Your task is to copy every line below that contains the word "foto".
------------------------------------------------
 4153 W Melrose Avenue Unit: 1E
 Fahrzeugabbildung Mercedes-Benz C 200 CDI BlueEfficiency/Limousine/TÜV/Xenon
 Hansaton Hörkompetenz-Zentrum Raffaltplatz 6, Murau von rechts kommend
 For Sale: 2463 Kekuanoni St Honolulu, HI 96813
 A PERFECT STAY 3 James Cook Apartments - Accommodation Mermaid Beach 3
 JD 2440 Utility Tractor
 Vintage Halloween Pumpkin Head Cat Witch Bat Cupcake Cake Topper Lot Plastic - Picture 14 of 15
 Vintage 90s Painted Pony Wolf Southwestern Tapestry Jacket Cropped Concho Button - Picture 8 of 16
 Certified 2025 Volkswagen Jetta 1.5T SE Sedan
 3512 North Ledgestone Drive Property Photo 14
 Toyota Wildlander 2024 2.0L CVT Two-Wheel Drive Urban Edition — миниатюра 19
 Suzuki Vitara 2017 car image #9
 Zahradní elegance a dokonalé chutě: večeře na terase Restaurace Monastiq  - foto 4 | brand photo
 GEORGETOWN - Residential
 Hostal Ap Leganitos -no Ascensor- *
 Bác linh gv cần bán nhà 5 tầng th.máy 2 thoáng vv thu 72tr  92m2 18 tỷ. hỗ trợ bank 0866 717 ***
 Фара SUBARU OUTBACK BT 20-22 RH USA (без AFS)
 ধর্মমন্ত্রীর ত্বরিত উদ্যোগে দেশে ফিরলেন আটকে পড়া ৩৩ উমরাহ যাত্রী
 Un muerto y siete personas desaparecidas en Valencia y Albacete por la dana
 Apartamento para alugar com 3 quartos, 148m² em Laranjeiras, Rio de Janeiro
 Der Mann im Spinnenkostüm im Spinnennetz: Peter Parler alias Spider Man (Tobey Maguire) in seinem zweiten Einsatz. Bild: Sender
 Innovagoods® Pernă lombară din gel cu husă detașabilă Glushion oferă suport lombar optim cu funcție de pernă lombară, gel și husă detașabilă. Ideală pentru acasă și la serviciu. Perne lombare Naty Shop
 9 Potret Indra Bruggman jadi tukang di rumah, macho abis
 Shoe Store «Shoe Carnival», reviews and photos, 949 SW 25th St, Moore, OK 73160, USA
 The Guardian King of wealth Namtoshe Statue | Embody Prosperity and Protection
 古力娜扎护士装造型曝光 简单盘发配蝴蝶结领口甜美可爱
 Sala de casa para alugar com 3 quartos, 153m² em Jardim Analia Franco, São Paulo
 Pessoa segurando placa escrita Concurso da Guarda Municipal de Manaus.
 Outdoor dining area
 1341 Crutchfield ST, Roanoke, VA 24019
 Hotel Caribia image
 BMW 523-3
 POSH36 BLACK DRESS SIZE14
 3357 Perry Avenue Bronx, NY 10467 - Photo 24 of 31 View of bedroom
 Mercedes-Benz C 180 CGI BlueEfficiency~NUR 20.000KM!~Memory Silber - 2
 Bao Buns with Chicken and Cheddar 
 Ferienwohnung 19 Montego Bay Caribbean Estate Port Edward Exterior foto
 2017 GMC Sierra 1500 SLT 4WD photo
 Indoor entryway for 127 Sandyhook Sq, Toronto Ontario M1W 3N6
------------------------------------------------
> _Solution for this exercise_:
 Zahradní elegance a dokonalé chutě: večeře na terase Restaurace Monastiq  - foto 4 | brand photo
 Ferienwohnung 19 Montego Bay Caribbean Estate Port Edward Exterior foto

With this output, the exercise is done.